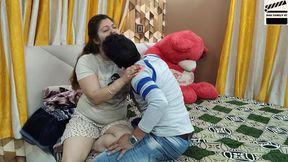 Bohot dino baad girlfriend se milke boyfriend ne khub choda full video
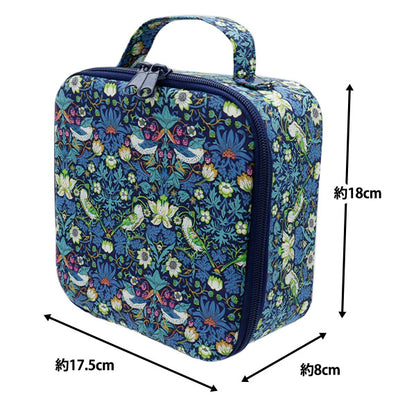 حالة التخزين "Liberty Fabrics Vanity Box Type VA4-3635061JE" 【Yuzawayaإبداعي】
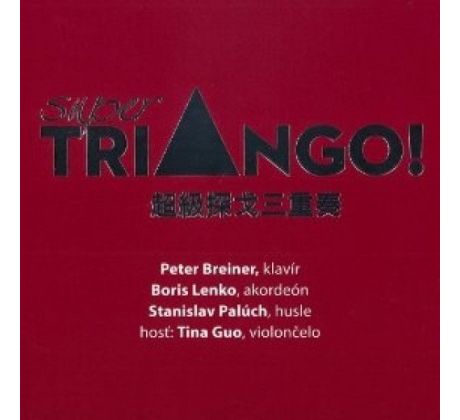 Triango - Supertriango (CD) audio CD album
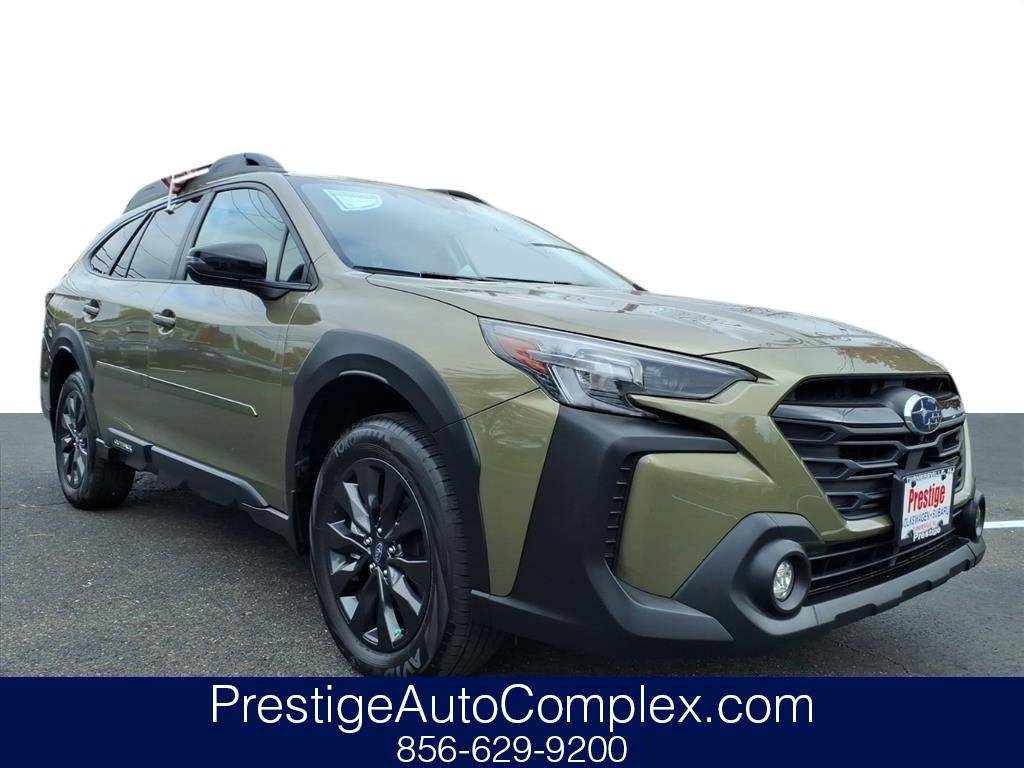 2023 Subaru Outback Onyx Edition XT — SUV — 18,782 mi — Turnersville, NJ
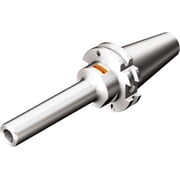 Sandvik Coromant CAT40 Taper Shank, 12mm Hole Diam, Hydraulic Tool Holder/Chuck 22mm Nose Diam, 103mm Projection, 1.4173" Clamp Depth, 18,000 RPM, Through Coolant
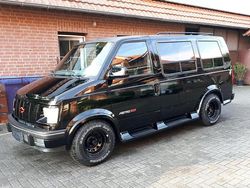 Schwarz Gebraucht 1993 Chevrolet Astro Van / Kleinbus | 9.999 €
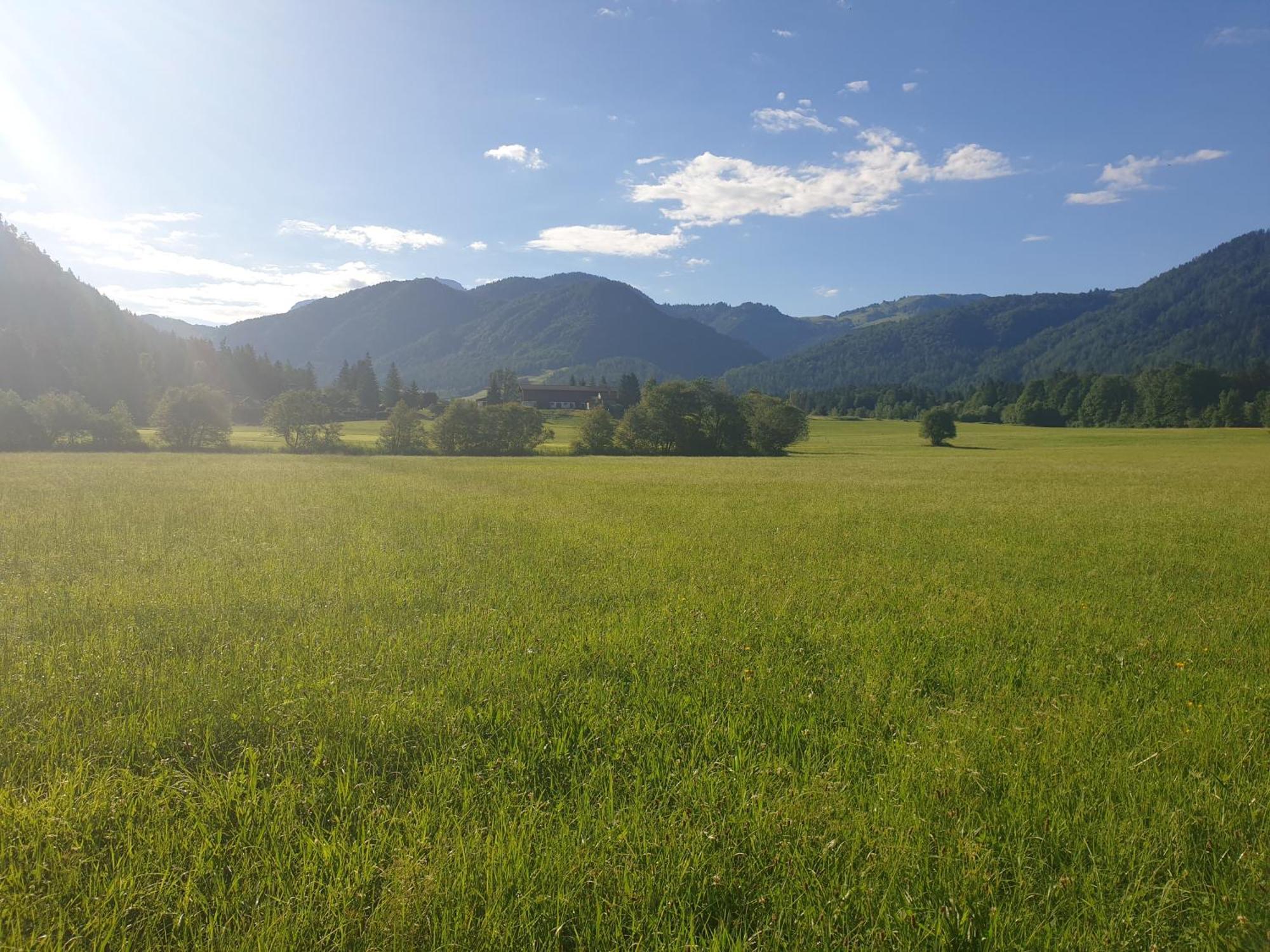 Appartementhaus Huettenberger エルフェンドルフ エクステリア 写真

===============

> _EXERCISE_
The reply should consist only of the lines from the top of the material above through the line with "Sandvik Coromant CAT40", printed exactly, pictures omitted.

> _THE COMPLETED TASK_
 Bohot dino baad girlfriend se milke boyfriend ne khub choda full video
 حالة التخزين "Liberty Fabrics Vanity Box Type VA4-3635061JE" 【Yuzawayaإبداعي】
 Triango - Supertriango (CD) audio CD album
 2023 Subaru Outback Onyx Edition XT — SUV — 18,782 mi — Turnersville, NJ
 Sandvik Coromant CAT40 Taper Shank, 12mm Hole Diam, Hydraulic Tool Holder/Chuck 22mm Nose Diam, 103mm Projection, 1.4173" Clamp Depth, 18,000 RPM, Through Coolant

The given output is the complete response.